One other relevant comment is here:
https://www.lesswrong.com/posts/gcpNuEZnxAPayaKBY/othellogpt-learned-a-bag-of-heuristics-1#HqDWs9NHmYivyeBGk
A key crux is that I think those heuristics actually go quite far, because it’s much, much easier to learn a quite close to correct model of human values with simple heuristics and internalize the values from it’s training data as it’s own than it is to learn useful capabilities, and more generally it’s easier to learn and internalize human values as it’s own than it is to learn useful new capabilities, so even under a heuristic view of LLMs where LLMs are basically always learning a bag of heuristics and don’t have actual algorithms, the heuristics for internalizing human values is always simpler than heuristics for learning capabilities, because it’s easier to generate training data for human values than it is to generate any other capability.
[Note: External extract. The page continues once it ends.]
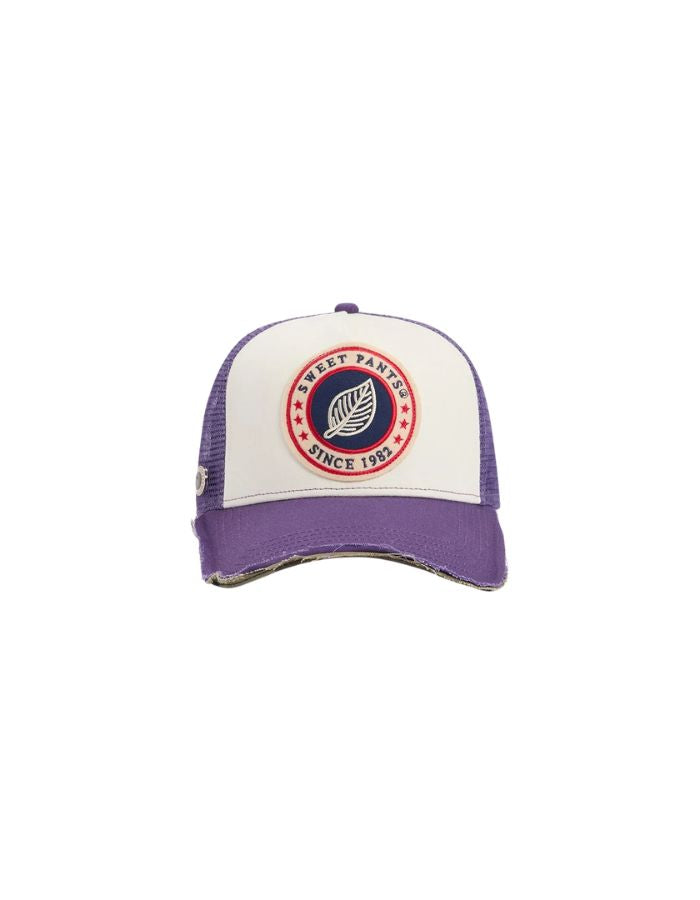 Casquette Trucker bicolore Home Run par Sweet Pants, coloris violet Imperial et blanc. Patch logo de la marque cousu à l'avant, visière violette avec bordure effet usé et panneau arrière en maille filet blanc.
See below for relevant points:
https://www.beren.io/2024-05-15-Alignment-Likely-Generalizes-Further-Than-Capabilities/
Good point though that the claim that current LLMs are definitely learning algorithms rather than just heuristics was definitely not supported very well by the current interpretability results/evidence, though I’d argue that o1-preview is mild evidence we will start seeing more algorithmic/search parts will be used for AIs in the future (though to be clear I believe a majority of the success comes from it’s data being higher quality, and only fairly little to it’s runtime search.)